↓↓↓
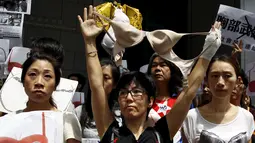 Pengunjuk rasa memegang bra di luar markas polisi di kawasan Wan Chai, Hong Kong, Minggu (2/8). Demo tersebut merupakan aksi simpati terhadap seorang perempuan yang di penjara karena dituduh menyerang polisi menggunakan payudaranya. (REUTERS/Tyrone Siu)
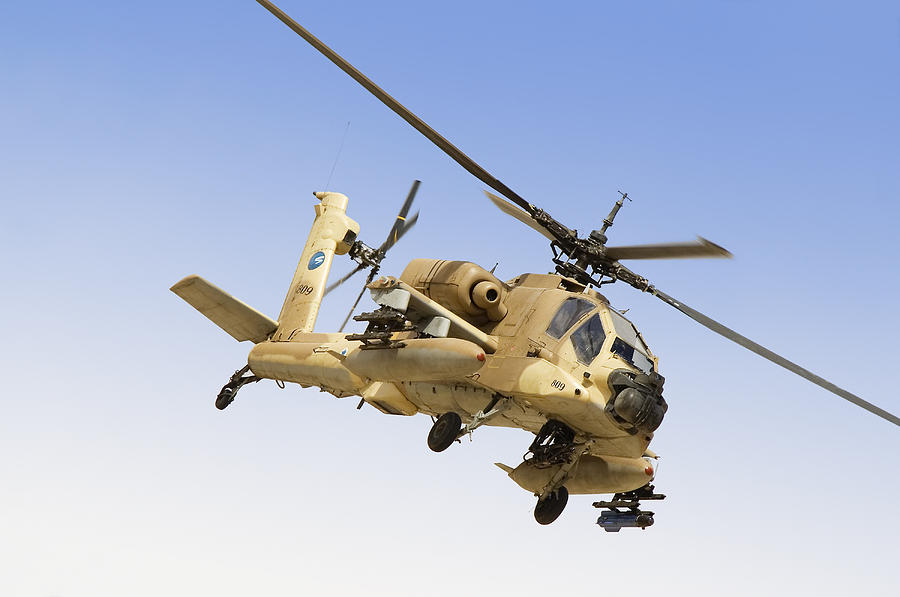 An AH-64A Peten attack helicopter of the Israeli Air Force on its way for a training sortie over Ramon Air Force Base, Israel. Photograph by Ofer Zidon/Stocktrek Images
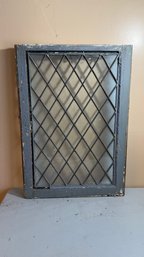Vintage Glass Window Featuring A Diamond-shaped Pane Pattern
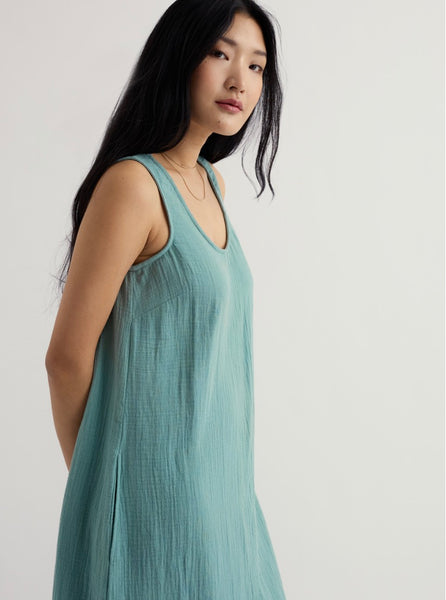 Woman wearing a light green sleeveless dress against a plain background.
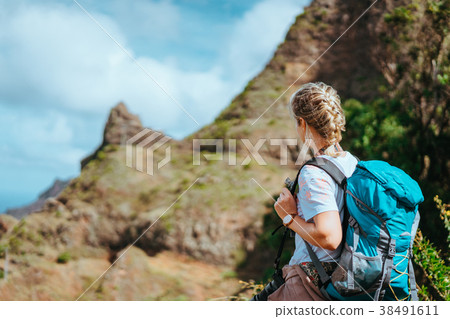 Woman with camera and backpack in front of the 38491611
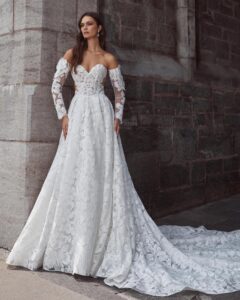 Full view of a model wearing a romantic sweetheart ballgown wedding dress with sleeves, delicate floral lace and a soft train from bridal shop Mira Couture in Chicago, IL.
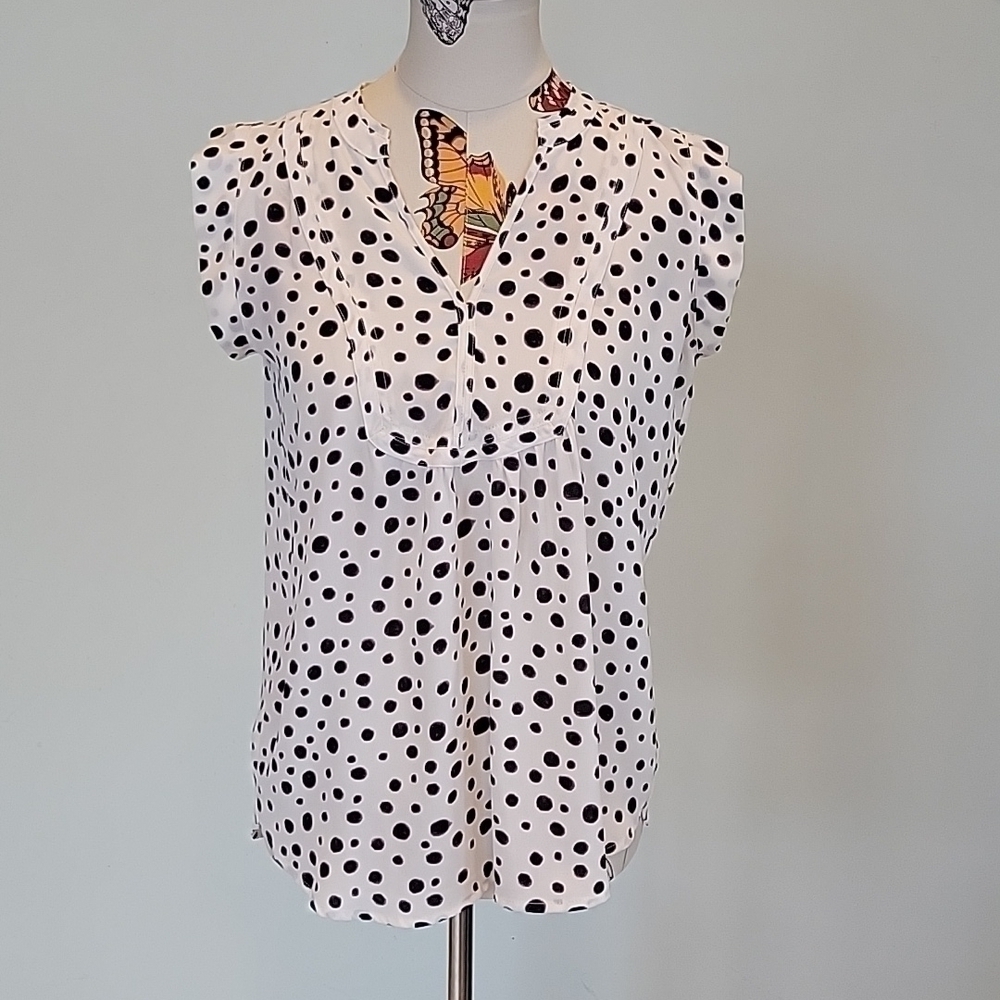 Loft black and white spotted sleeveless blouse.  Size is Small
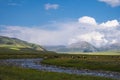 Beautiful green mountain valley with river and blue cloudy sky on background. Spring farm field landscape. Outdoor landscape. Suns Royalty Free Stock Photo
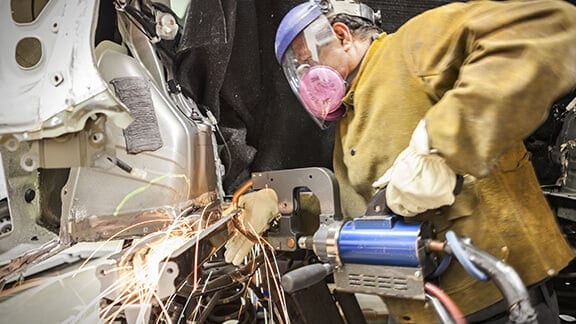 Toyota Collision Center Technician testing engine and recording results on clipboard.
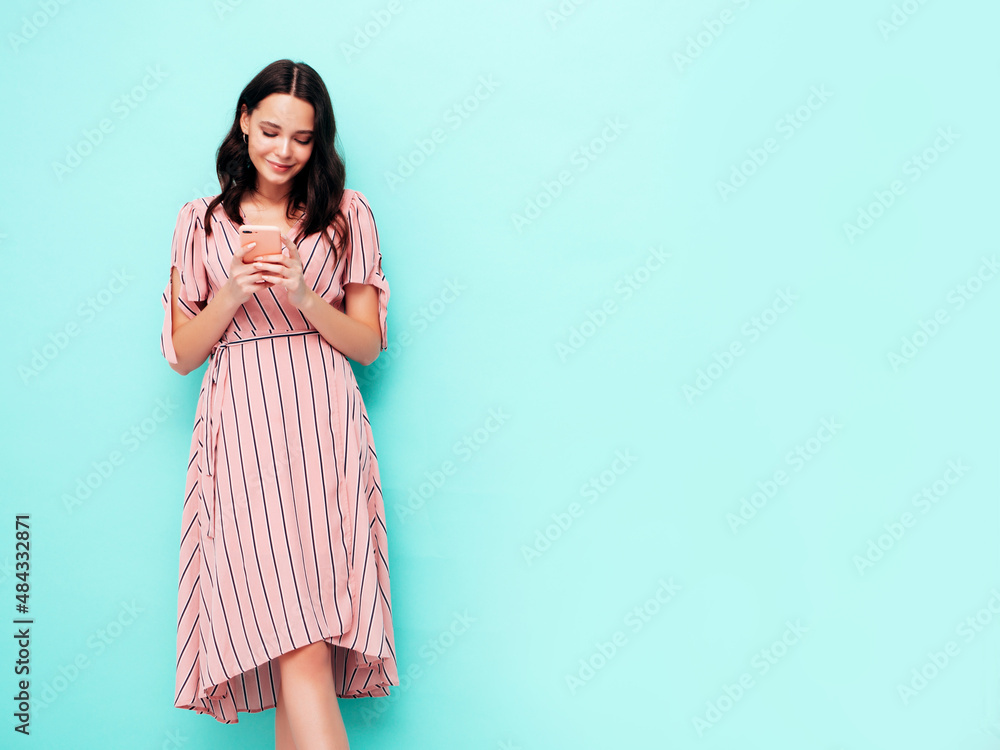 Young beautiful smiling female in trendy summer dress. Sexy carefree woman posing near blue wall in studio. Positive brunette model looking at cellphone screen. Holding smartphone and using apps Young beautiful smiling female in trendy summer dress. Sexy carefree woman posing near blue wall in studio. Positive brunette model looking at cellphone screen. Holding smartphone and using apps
↑↑↑
Task
Write back the stretch of lines above that begins with the line holding "Woman with camera" and ends with the line holding "Full view of", both included, exactly as written. Pictures stay out.

Exercise output
 Woman with camera and backpack in front of the 38491611
 Full view of a model wearing a romantic sweetheart ballgown wedding dress with sleeves, delicate floral lace and a soft train from bridal shop Mira Couture in Chicago, IL.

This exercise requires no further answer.